A day after communal unrest broke out during a Ram Navami procession in Madhya Pradesh's Khargone, the local administration on Monday, 11 April, undertook a demolition drive in areas where the violence had erupted.
The police stated that "they have zero tolerance for violence". This comes after the state home minister had said that "the houses of those who are pelting stones, will be turned into a pile of stones".
"We have started from the area near Mohan Talkies, Khargone. Three establishments were demolished in the area and we are moving forward to other areas to carry out similar drives as per our policy of zero tolerance of violence."Tilak Singh, DIG Khargone
Sources told The Quint that when the Ram Navami procession was being taken out on Sunday, people allegedly belonging to the Muslim community took objection to the music being played in the celebratory march, following which the matter escalated and stone pelting began.
Since then, 77 people have been arrested for Sunday's violence.
'Houses of Those Pelting Stones Will be Reduced to Stones': MP Home Minister
Addressing the press on Monday amidst the turmoil, Madhya Pradesh Home Minister Narottam Mishra declared that houses of those who pelted stones will be reduced to stones.
"I want to make one thing clear... the houses of those who are pelting stones, will now be turned into a pile of stones."
Meanwhile, on Monday, Khargone SDM Milind Dhoke said, "These establishments were already in the list of illegal, encroached establishments and they were also involved in the stone pelting hence their house shops are being demolished under the anti-encroachment drive of the state."
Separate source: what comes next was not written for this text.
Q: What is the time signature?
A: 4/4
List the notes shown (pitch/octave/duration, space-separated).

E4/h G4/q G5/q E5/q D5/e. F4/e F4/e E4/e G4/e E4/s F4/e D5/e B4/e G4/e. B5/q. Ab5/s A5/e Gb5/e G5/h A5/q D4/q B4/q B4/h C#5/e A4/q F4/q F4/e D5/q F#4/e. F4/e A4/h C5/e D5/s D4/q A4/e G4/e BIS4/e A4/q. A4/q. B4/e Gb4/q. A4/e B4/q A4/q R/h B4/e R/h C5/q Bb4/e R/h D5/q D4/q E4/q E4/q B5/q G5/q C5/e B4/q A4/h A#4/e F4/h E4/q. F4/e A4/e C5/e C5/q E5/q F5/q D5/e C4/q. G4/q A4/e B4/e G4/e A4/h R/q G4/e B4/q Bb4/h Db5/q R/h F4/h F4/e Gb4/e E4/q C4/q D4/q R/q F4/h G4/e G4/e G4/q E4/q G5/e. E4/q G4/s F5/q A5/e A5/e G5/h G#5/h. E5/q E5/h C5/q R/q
Visuals of the 'anti encroachment' drive emerged online, capturing buildings and shops being razed in broad daylight.
The Khargone Public Relations Officer also took to Twitter to share a video of the demolition, saying that the drive was in reaction to the financial loss that had occurred during Sunday's violence that caused property damage.
Is Such a Move Legal?
There is no law in force, whether passed by Parliament or the Madhya Pradesh Legislative Assembly, which would allow the demolition of property of those accused of being involved in riots and damage to public/private property.
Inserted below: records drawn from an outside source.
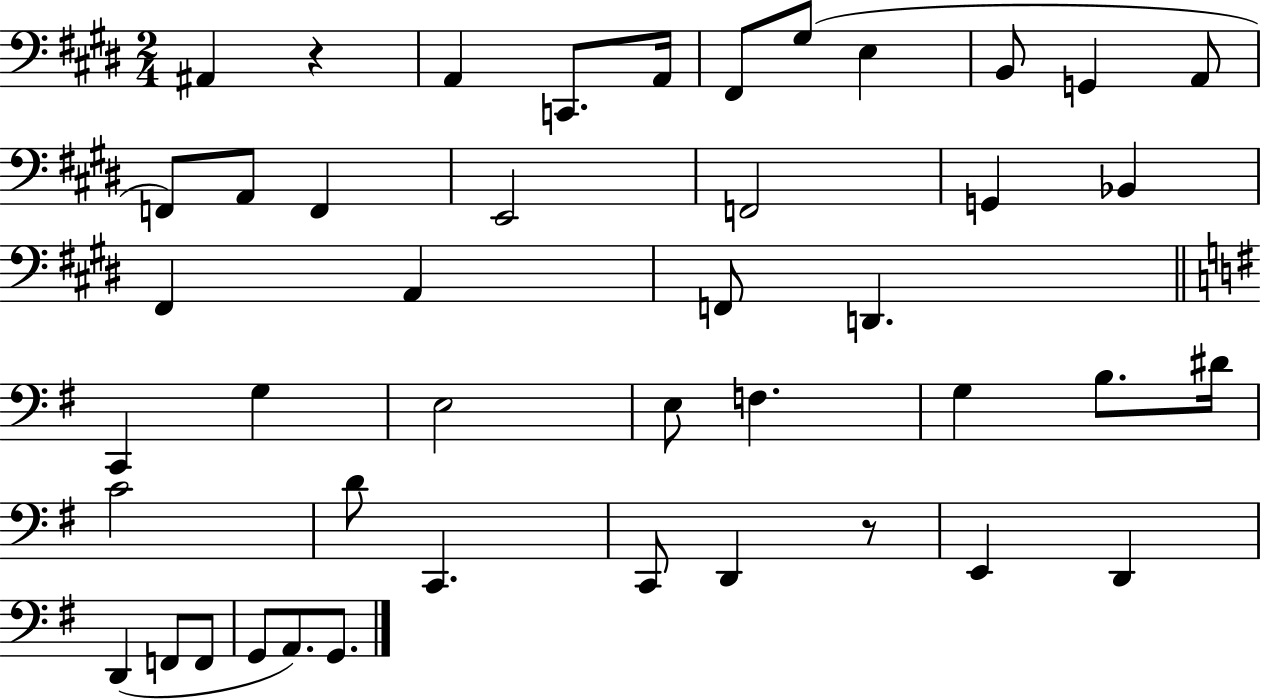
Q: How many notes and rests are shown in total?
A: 44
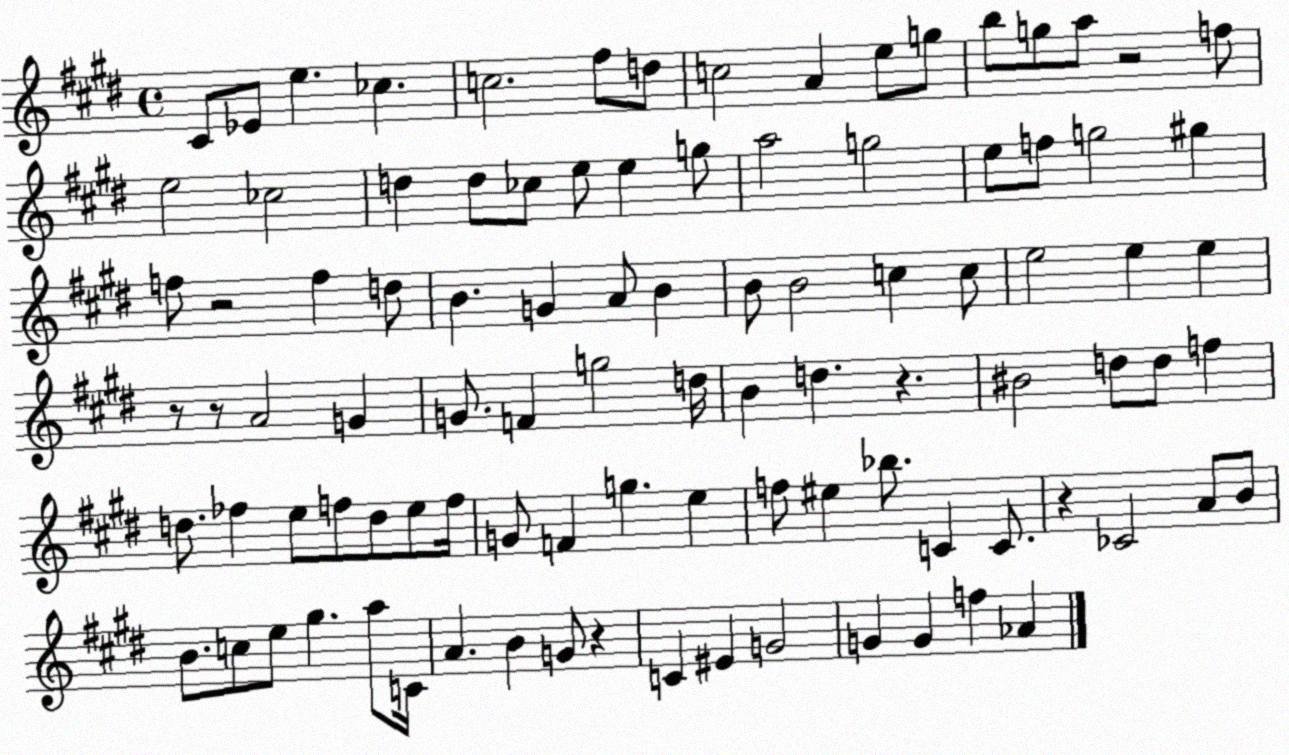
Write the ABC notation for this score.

X:1
T:Untitled
M:4/4
L:1/4
K:E
^C/2 _E/2 e _c c2 ^f/2 d/2 c2 A e/2 g/2 b/2 g/2 a/2 z2 f/2 e2 _c2 d d/2 _c/2 e/2 e g/2 a2 g2 e/2 f/2 g2 ^g f/2 z2 f d/2 B G A/2 B B/2 B2 c c/2 e2 e e z/2 z/2 A2 G G/2 F g2 d/4 B d z ^B2 d/2 d/2 f d/2 _f e/2 f/2 d/2 e/2 f/4 G/2 F g e f/2 ^e _b/2 C C/2 z _C2 A/2 B/2 B/2 c/2 e/2 ^g a/2 C/4 A B G/2 z C ^E G2 G G f _A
Punitive action against an accused person can only take place after conviction in a court of law, and even then, this can only involve imprisonment and/or fines, not demolition of their property. Retributive action of this sort, which also runs the risk of being collective punishment since it can impact those who are in no way connected to any criminal activity, is absolutely not allowed under Indian law.
Speaking to The Quint, Shadaan Farasat, a Supreme Court advocate said, “The destruction of dwelling house or shops is not an option available to the authorities for even the most egregious crimes, leave alone stone pelting."
"If these are unauthorised constructions, then appropriate prior notices under municipal laws must be issued. Selective targeting of only few houses, when entire colonies belonging to all communities are allegedly unauthorised is prima-facie arbitrary,” he said.
The Madhya Pradesh government in December 2021 had passed a law similar to the one in Uttar Pradesh whereby those accused of causing damage to public and private property (whether during riots or protests or otherwise), can be sent notices to pay compensation for such damage. However, while this law does allow attachment of property of such persons, that can only take place after a formal claims process has been initiated and a finding made that the person was involved in the damage to property.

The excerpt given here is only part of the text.